Sometime in 2003 I started to employ real photographers because I was unhappy with the results of my crappy camcorder cam, so there are a few pre-September 2003 shoots that can be re-worked from larger originals.  Beginning with “Here Cums the Bride” in 2003 my original shots came from the blazing 4 megapixels of the first Canon Powershot G-series camera I bought (which had the flip out screen and wireless remote/delay which works very well for self shooting, a technique I still use today).

Back in the mid 00′s I was paying server fees for bandwidth and I do recall having my server cost something like hundreds upon hundreds of dollars a month, so I made a concious effort to keep the file size of the final JPEGS down quite a bit. Also, at the time the final processed edited shots being at 600 x 900 seemed generous for the time.

Fast forward many years later and things have changed considerably.. I still use aCanon Powershot, with originals at 7mp (2304 x 2272 original size).  Of course, during the editing process there is some cropping involved but long story short, – the originals of most of the work I did back then are much bigger than the final versions you see on the site.
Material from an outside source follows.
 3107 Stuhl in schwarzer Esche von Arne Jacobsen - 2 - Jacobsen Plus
Since about 2009 I realized that some people have HUGE monitors and also some people prefer to zoom in on the photos, so as I edited new shoots I’ve been slowly upping the resolution of the final shots to the point where it’s about 1800 pixels on the longest size, which is where I am now.  My intention and focus on the power of the still photograph invites the viewer to get lost in the details.

And nowadays my server has unlimited bandwidth and a much much cheaper flat rate that I pay, so final picture size is really a moot point (assuming theres enough pixel information to start with).  The only point is oh my god what a ton of work to re-do all those shoots.  But that’s what I’d like to do, just slowly.
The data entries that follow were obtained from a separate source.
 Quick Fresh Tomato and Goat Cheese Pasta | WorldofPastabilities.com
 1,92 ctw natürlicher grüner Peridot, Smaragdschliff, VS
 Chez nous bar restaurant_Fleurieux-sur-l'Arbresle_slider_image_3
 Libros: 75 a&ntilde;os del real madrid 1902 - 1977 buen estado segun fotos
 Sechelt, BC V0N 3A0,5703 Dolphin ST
The only thing is I’m not even sure it’s work that I want to jump back into.  Looking at these old shoots.. Eh… some of them quite frankly suck.   But some of them can be saved and even punched up a couple of levels with some creative cropping and rotating.  Here’s a few examples, and this isn’t even punched up as much as I could.

as opposed to this:
Now of course if your computer monitor is re-sizing these photos to fit, you really won’t see much difference on the more vertical shots.  It’s a bit more effective on the horozontal shots:
to be replaced by this:

One big issue is that I will have to resist the temptation to alter these photos with any photoshop trickery that I didn’t use back in the day. Oh, I could increase my breast size if I wanted to but that would be a tad bit disingenuous. Hopefully I will uncover some lost gems though.

In the process of searching through some of these old sets, I have found bits and pieces that fell by the wayside.  There was this old shoot I did in 2004 called “Green Gingham” that isn’t really my best one, but apparently I did a whole bunch of pix on the back porch and somehow it didn’t fit in with the rest of the shoot.  So there may be some previously  unreleased stuff that finally sees the light of day.

There’s also a good chance that there’s a shoot or two where the buttons to access them got accidentally deleted, though the shoots are still on the website.

So last night the first thing did to prepare for this was I actually split off the 2012 and 2013 shoots off into their own galleries, and I’m cleaning up the code and scouring the site for bad links and html errors.  Until I have more 2015 shoots, I will keep them with the 2014 shoots, so that page of “recent galleries” doesn’t look to sparse.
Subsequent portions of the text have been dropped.